Sublinha Fernando Rosas que é esta diversidade que confere exatamente a identidade comum aos regimes fascistas. Não a identificação rígida de cada um como um «caso» externo à extrema-direita.
Pensemos nas vítimas e na política de extermínio lavada a cabo pelos regimes fascistas e nazis, principalmente na Alemanha. Fernando Rosas dá-nos uma visão interessante: a prática do extermínio já vinha de antes do nazismo sem que se tenha levantado um dedo. Vinha dos impérios e das políticas coloniais levadas a cabo, nos finais do século XIX e antes, pelas potências ocidentais. Fernando Rosas lembra-nos, num quadro, em que consistiu esse extermínio tomado como normal nas mentes das elites e populares do ocidente: Sri Lanka, 4 a 10 milhões de pessoas, em 1920 era somente de 1 milhão; Argélia: 3 milhões de pessoas entre 1830 e 70, depois da colonização, 2,3 milhões; Congo: 20 milhões entre 1820 e 1920, no século XX 10 milhões; Costa do Marfim, entre 1900 e 1910 passou de 1,5 milhões para 160 mil pessoas; Sudão: de 9 milhões entre 1882 e 1903 passou para 273 mil. São números brutais. É fácil perceber que, cultural e politicamente, a população europeia e ocidental, no seu conjunto, transporia com alguma facilidade esta ação de extermínio nas colónias para os «diferentes» judeus, negros, ciganos, homossexuais, doentes mentais e físicos na Europa, juntando os opositores políticos elevados a associais.

Diz Fernando Rosas: «O Estado Novo configurou um fascismo conservador, resultante da unificação das direitas autoritárias e antiliberais e das direitas liberais civis e militares, rendidas à fascistização progressiva desse campo político e ideológico que integra subordinadamente o pujante movimento fascista plebeu dos ‘’camisas azuis´´, expurgando este das suas lideranças críticas do «conservadorismo» salazarista. Essa unificação e homogeneização realiza-se em torno da particular e indiscutível chefia carismática de Oliveira Salazar, no quadro de uma ''ditadura de chefe de Governo'' que constrói um regime nacionalista, corporativo, antidemocrático, policial, de características essencialmente fascistas».
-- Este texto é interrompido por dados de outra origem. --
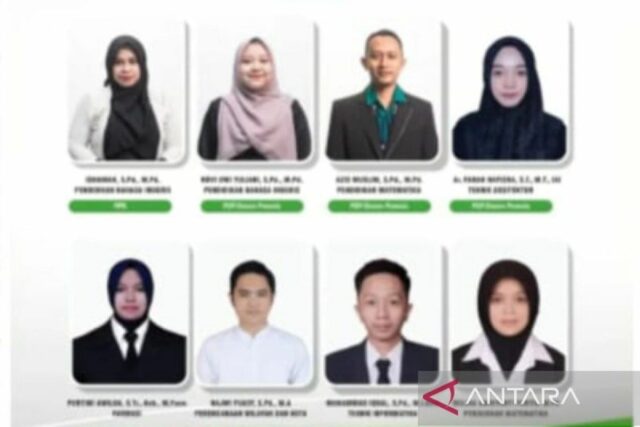 Ocho profesores de la Universidad Nahdlatul Ulama del Sur de Kalimantan reciben fondos de subvención nacionales para la investigación

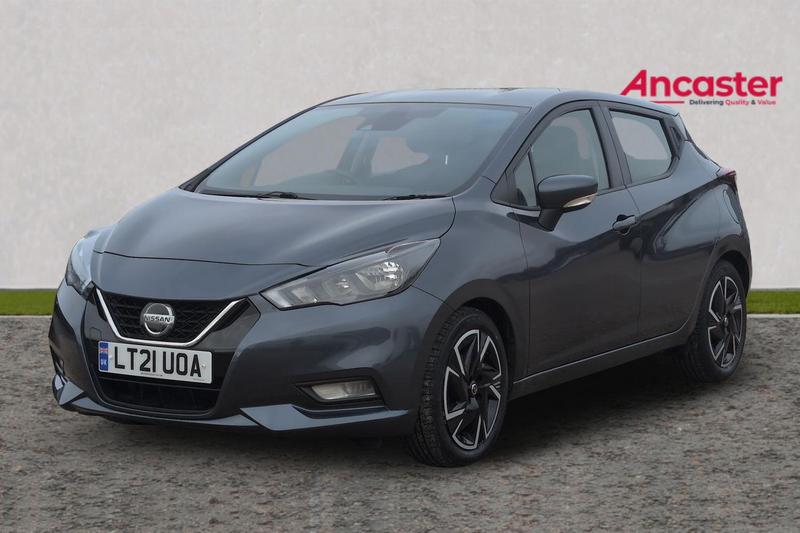 Used Nissan Micra 2021 for sale - 77326780: Photo 7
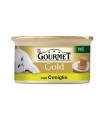 Gourmet Gold per Gatti Pate' Coniglio 85 g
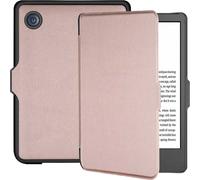 imoshion Slim Hard Case Flip cover for the Kobo Clara 2E / Tolino Shine 4 - Rose gold finish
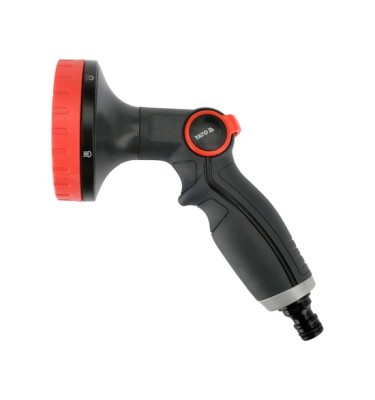 PISTOLET OGRODOWY ZRASZAJĄCY 6 FUNKCYJNY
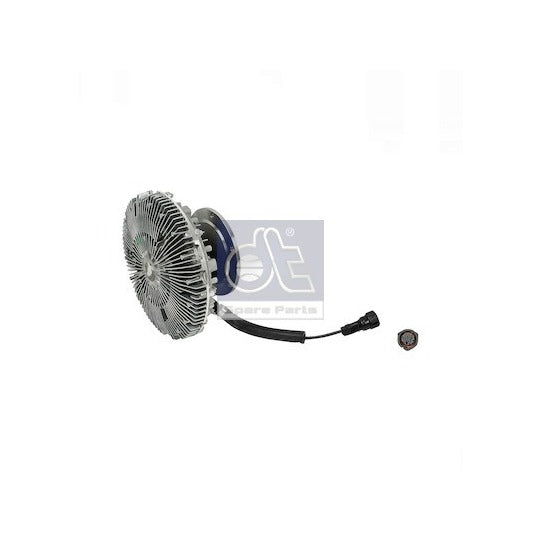 4.67784 Clutch, radiator fan
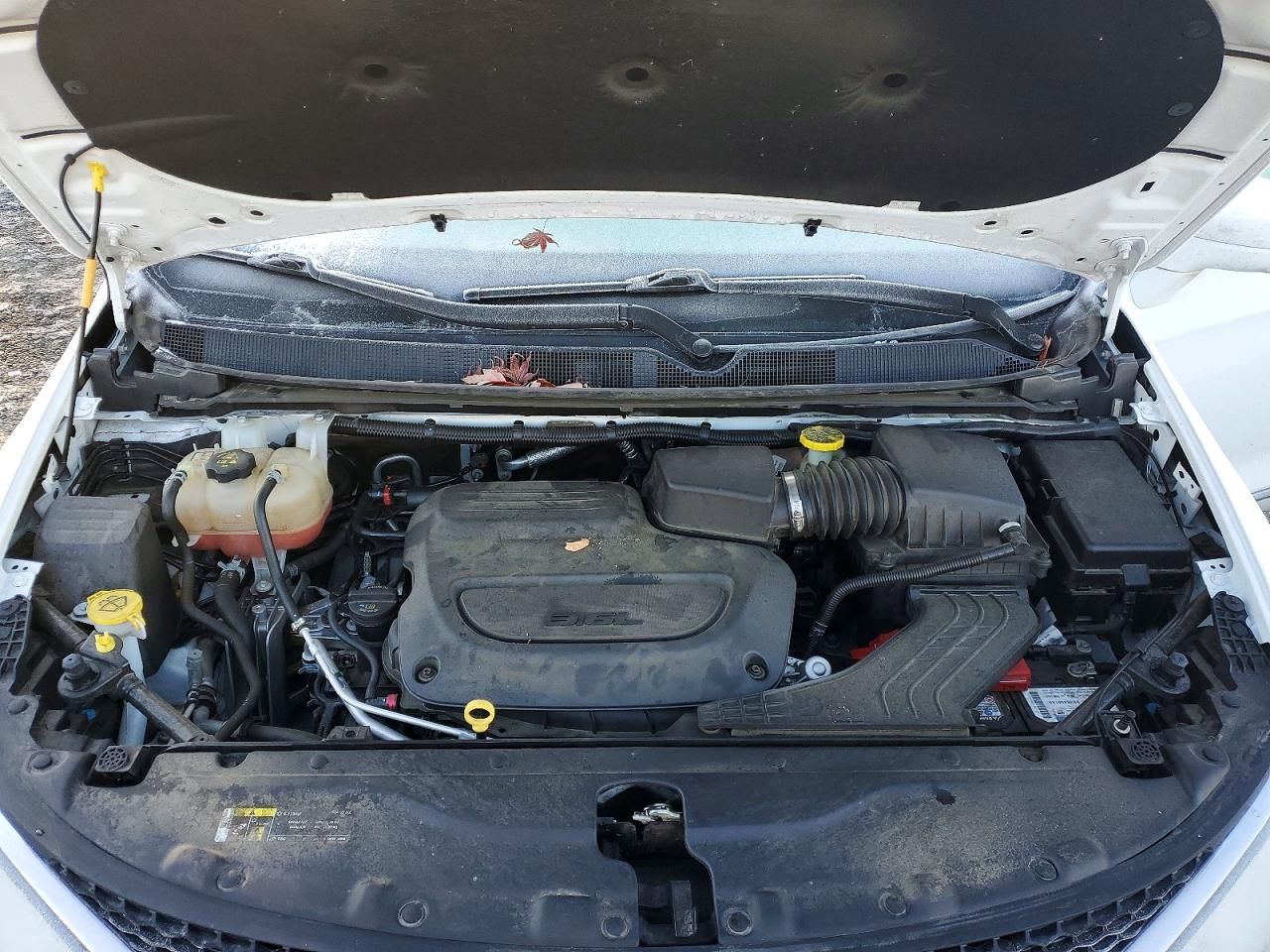 2020 Chrysler Pacifica Touring l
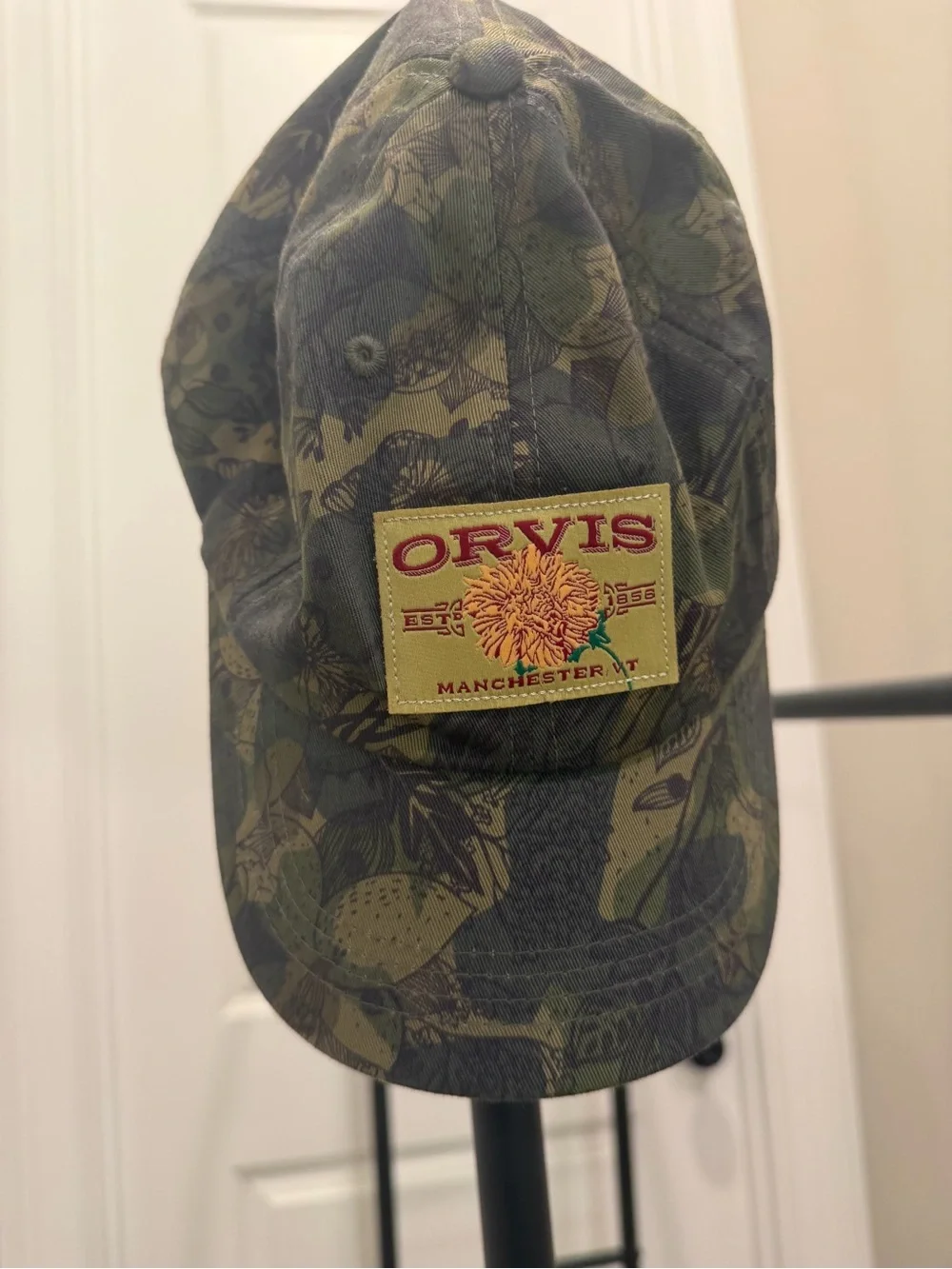 Orvis baseball hat
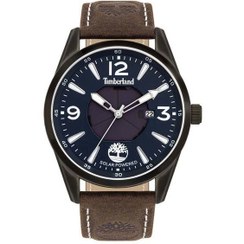 تصویر ساعت مچی آنالوگ با بند چرمی مدل T TBL16004JYU-03 برند timberland Leather Strap Analog Wrist Watch T TBL16004JYU-03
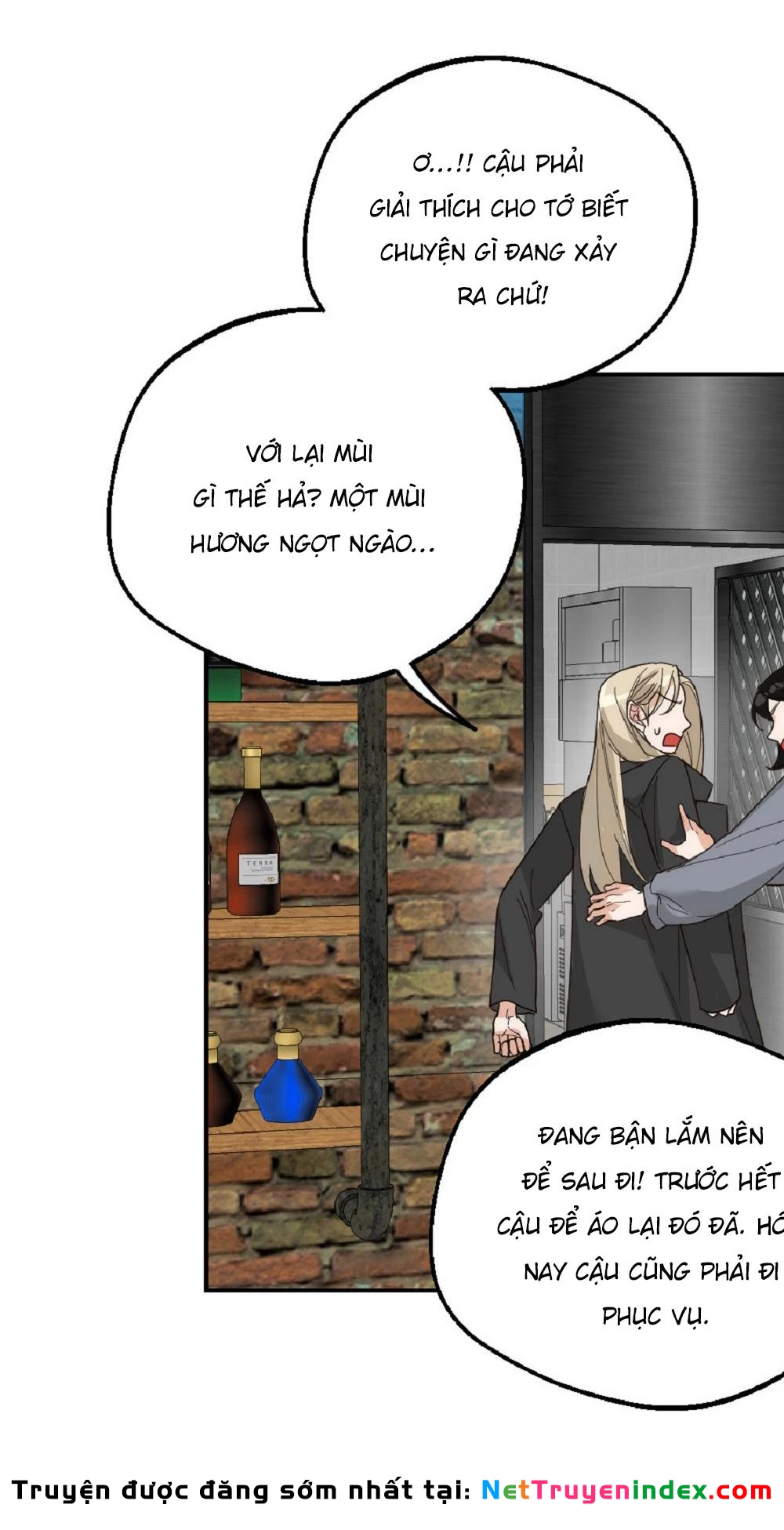 Drunken My Boss Chapter 4 - 52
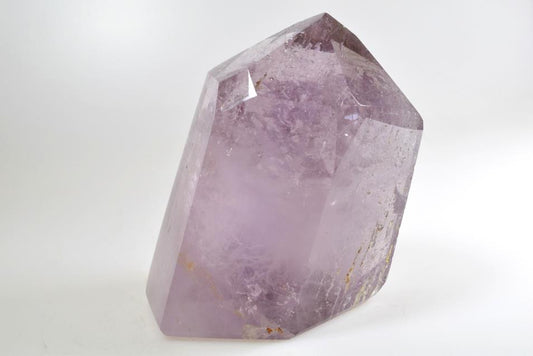 Lavender Amethyst Quartz Crystal Point 11.5cm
O capítulo V «Os desafios do presente» é obrigatório ler. O tom um pouco pessimista de Fernando Rosas perante a vaga de populismos de direita que aí vêm é exposta sob o ponto de vista económico, social e político da época atual  em que a esquerda está nitidamente na defensiva, apesar das enormes manifestações que se podem verificar em todo o mundo. Saibamos aprender com a História.